Investigation of Structure-Electrochemistry Relationships in Novel Silicon Anodes for Lithium-ion Batteries (Webinar)Latest updated: September 9, 2021
The following abstract and accompanying webinar were written and presented by Candace K. Chan, Ph.D., Associate Professor, Materials Science and Engineering School for Engineering of Matter, Transport and Energy, Arizona State University, Tempe, AZ, USA.

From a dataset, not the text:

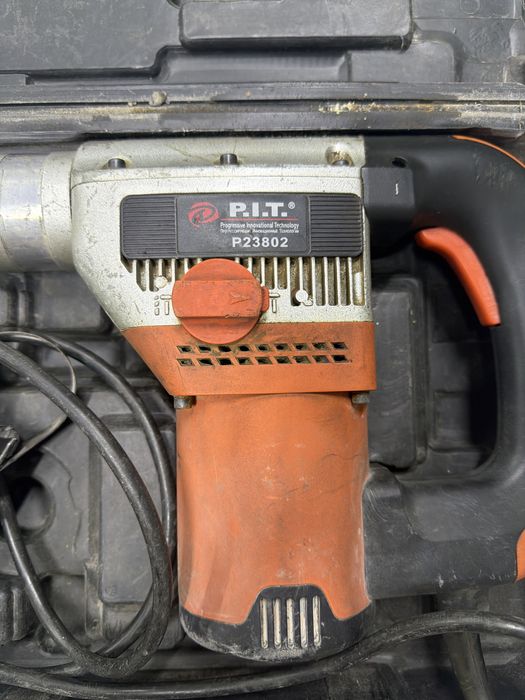 Перфоратор P.I.T. P23802 SDS-MAX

Investigation of Structure-Electrochemistry Relationships in Novel Silicon Anodes for Lithium-ion Batteries
Due to its high theoretical specific capacity, silicon has been the subject of intense interest and research as a high energy density electrode material to replace conventional graphite anodes in lithium-ion batteries. However, several challenges remain related to the large stresses and volume changes that accompany the electrochemical reactions associated with the lithiation and delithiation processes in silicon. Nanostructuring has been shown to be very effective for the design of electrodes that can relieve lithiation-induced strain and avoid pulverization of the silicon, which can lead to capacities exceeding 3000 mAh/g, a 10X improvement over the commercially used graphite anodes. Despite this impressive proof-of-principle, nanostructured silicon can still suffer from degradation over long cycling times due to several reasons, such as the collapse of the nanostructure, increased porosity, and insufficient surface passivation.
As an alternative to modifying the particle morphology or microstructure, our group has been investigating the potential of tuning the atomic-scale structure as a strategy to modulate the electrochemical properties of silicon-based electrodes. The clathrate polymorphs of silicon, which feature cage-like structures that can encapsulate various guest atoms, provide a unique platform for investigating the role of local and long-range structure on several properties relevant to electrochemical energy storage, such as the lithiation potential, lithium reaction mechanism, and phase evolution. Through systematic electroanalytical studies, first-principles density functional theory calculations, and synchrotron X-ray analysis, we have identified the structural origins that correspond to the observed electrochemical properties in clathrates. The cage structure and accompanying defects result in significantly different electrochemical properties for clathrate anodes compared to the well-studied amorphous and diamond cubic forms of silicon, such as in one case, the topotactic, reversible insertion of lithium ions.1 This talk will summarize our main findings for silicon clathrates and some of the unique electrochemical properties these materials exhibit for potential applications as next-generation anodes for lithium-ion batteries.
1 Dopilka, A., et al. Structural Origin of Reversible Li Insertion in Guest-Free, Type-II Silicon Clathrates. Adv. Energy Sustainability Res. 2021, DOI: 10.1002/aesr.202000114
Dr. Candace K. Chan is an Associate Professor of Materials Science and Engineering at Arizona State University (ASU). Her research group works working on critical materials issues mostly in the fields of lithium batteries and energy storage, but with additional efforts in photocatalysis and water treatment using engineered nanomaterials. Notable battery research highlights include the demonstration of foldable lithium-ion batteries, the development of novel synthetic processes for nanostructured solid electrolyte garnet materials for all-solid-state lithium batteries, and investigation of novel clathrate-based anodes and polyanionic cathode materials. She has received an NSF CAREER award, Alexander von Humboldt Research Fellowship, ASU Young Investigator Award, and Fulton Exemplar Faculty Award.